IATA voices reservation over privatisation of airports

Terms India as "future of opportunities" for global airlines

IATA voices reservation over privatisation of airports

Voicing reservation over privatisation of airports, global airlines body the International Air Transport Association (IATA) has said governments should resist the temptation of earning revenue through such exercises and evolve policies supportive to all players to spur growth in the aviation sector.

“An investor needs to make a fair return on his investment. But if you (government) are taking away all that money from the top, the operator will have to charge more to make some money, which eventually comes from the passengers and it keeps the fares up. So the government shouldn’t be greedy about that,” IATA Director General and Chief Executive Tony Tyler said during a recent interaction.

Observing that privatisation is not a “panacea” and does not solve all the problems, he said there is a “particular temptation” when governments privatise airports.

He sounded critical of the model adopted by the government in privatising Delhi and Mumbai airports in which government reduced its holdings to 26 per cent but still gets a revenue share of 45.99 per cent and 38.7 per cent respectively. The IATA chief said that airports could also be privatised for bringing in commercial discipline and flavour, rather than minting money. “It also helps freeing the airport from the government decision-making (process).”

“The important thing is the right model and the right framework to make sure that the (airport) charges that airlines pay are reasonable and that the right incentives are there to invest (in an airport),” Tyler said. There are very successful airports run by governments and private companies, while there are very expensive and inefficient airports too run by governments and private sector, he said.

Terming India as the “future of opportunities” for the airlines globally, Tyler said there is a lot of interest and ambition in the Indian carriers too to grow and serve the market.
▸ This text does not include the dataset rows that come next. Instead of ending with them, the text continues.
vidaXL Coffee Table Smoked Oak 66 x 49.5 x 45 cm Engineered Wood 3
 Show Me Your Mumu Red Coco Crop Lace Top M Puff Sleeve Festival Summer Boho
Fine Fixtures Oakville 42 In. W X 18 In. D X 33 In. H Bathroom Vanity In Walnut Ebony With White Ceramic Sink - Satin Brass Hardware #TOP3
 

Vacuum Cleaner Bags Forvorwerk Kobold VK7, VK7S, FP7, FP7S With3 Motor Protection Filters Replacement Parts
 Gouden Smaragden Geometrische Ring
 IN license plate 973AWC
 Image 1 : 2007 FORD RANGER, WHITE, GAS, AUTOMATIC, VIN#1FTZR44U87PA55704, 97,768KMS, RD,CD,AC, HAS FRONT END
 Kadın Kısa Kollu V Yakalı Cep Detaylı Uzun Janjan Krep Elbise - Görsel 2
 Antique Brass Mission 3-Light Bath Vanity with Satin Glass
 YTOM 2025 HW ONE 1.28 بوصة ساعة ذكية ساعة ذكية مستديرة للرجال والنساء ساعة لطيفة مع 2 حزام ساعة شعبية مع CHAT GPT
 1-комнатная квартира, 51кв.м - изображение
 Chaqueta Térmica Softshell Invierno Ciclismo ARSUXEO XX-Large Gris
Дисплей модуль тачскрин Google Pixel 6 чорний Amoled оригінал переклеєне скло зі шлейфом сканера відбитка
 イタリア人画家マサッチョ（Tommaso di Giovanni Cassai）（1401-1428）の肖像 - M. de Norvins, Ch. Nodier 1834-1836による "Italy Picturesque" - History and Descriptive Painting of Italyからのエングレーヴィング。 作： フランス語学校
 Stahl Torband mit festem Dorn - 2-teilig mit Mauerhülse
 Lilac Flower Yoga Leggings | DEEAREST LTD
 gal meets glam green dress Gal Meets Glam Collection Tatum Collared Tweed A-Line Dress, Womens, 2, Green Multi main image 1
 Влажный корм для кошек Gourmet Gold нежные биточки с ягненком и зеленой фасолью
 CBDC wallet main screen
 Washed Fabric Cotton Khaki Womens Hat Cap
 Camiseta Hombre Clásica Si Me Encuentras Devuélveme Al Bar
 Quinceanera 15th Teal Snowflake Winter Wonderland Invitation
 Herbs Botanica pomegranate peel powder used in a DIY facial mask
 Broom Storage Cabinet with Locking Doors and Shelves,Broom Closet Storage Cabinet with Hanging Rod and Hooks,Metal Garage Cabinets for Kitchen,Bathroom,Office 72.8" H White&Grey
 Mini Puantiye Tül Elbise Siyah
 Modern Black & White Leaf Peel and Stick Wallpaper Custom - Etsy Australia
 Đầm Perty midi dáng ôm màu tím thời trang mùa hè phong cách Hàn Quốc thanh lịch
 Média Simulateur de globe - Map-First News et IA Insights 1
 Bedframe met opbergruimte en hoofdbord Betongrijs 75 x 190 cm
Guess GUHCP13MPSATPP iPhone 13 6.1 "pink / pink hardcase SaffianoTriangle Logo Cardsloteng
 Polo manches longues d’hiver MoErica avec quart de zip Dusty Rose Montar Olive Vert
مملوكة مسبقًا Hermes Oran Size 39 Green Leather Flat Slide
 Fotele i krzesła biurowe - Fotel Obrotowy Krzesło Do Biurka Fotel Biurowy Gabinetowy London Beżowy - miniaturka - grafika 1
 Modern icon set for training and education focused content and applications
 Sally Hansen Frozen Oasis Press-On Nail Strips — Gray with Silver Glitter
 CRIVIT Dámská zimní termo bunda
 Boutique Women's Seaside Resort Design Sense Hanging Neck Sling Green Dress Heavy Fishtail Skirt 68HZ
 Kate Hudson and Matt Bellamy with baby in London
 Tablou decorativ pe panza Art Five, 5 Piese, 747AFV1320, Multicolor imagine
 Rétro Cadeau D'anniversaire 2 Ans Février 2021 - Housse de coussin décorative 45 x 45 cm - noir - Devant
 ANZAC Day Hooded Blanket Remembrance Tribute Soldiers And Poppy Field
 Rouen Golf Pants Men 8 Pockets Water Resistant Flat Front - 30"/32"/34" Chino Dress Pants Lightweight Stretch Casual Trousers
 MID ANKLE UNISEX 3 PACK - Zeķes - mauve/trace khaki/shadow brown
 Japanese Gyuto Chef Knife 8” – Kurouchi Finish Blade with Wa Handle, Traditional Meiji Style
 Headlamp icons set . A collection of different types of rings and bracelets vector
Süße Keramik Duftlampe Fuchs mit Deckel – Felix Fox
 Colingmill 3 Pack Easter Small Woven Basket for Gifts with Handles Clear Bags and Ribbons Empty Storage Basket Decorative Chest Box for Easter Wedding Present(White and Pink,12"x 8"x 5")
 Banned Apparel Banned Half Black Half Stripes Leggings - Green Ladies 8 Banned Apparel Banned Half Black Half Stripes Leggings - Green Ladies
But inadequate infrastructure and high taxes and costs make it not only expensive but also “difficult” to operate in India, he said. IATA has earlier too termed Indian airports as “very expensive” and advocating lowering of airport charges, taxes and fuel charges.

“What we need is supportive policies. The government has to give a helping hand and I am quite optimistic that things will change for the better under the new government,” the IATA chief said. On the entry of the two new carriers, AirAsia India and Vistara, in the domestic aviation space this year, Tyler said this show the competency in the Indian aviation industry.

Indian air traffic was going to grow and it has to support the businesses, he said, adding, “We are forecasting a 6.7 per cent average annual growth over the next 20 years in the Indian market.”

The Indian aviation market is going to be the 10th largest market this year and the third largest by 2034 and this is a confirmation that India is a good market, he said.